Stored data
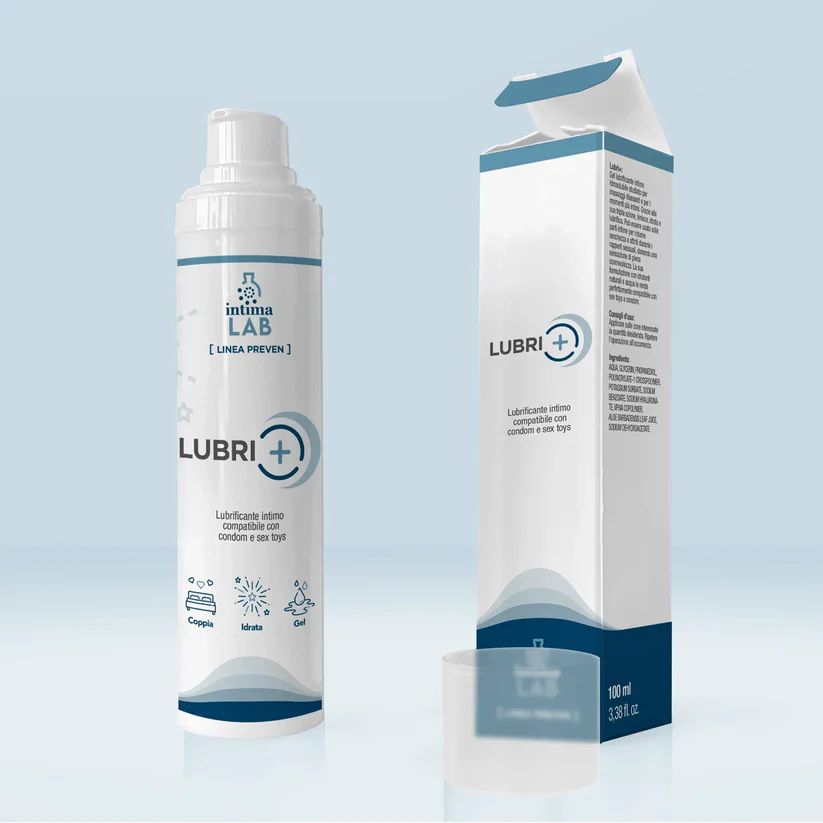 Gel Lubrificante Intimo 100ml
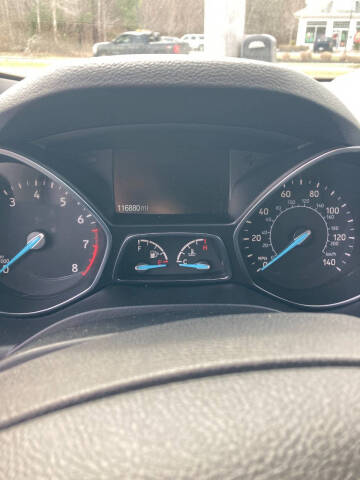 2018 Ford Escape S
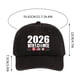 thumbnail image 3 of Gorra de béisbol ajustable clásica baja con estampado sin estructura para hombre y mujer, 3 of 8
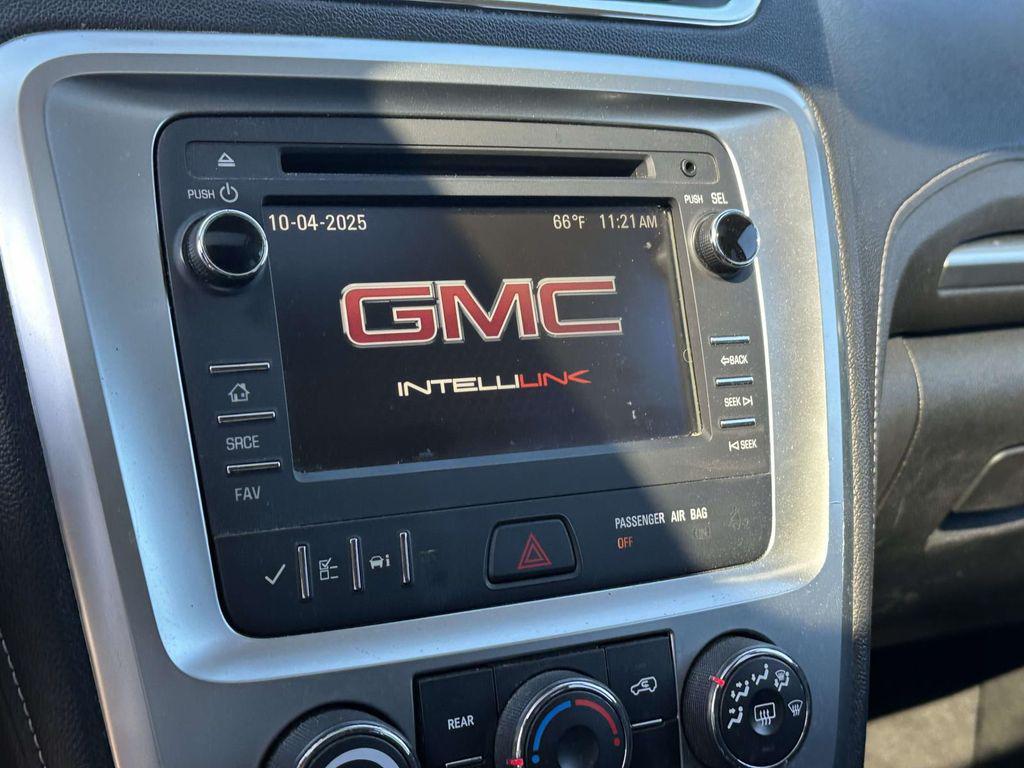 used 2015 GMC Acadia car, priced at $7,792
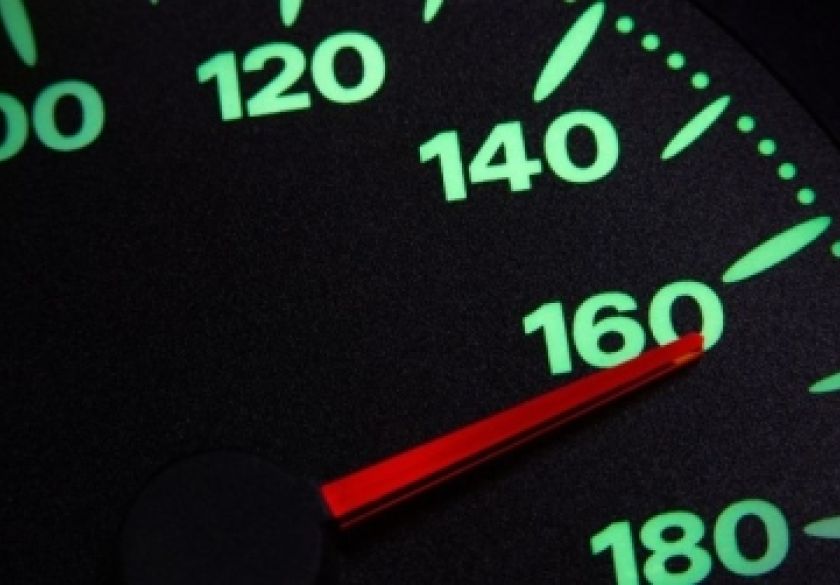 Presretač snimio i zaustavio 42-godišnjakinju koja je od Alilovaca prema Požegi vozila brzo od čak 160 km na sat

What to do
Retype, without any picture, exactly the lines from the one with "thumbnail image 3" through the end of the entries, inclusive.

Result
 thumbnail image 3 of Gorra de béisbol ajustable clásica baja con estampado sin estructura para hombre y mujer, 3 of 8
 used 2015 GMC Acadia car, priced at $7,792
 Presretač snimio i zaustavio 42-godišnjakinju koja je od Alilovaca prema Požegi vozila brzo od čak 160 km na sat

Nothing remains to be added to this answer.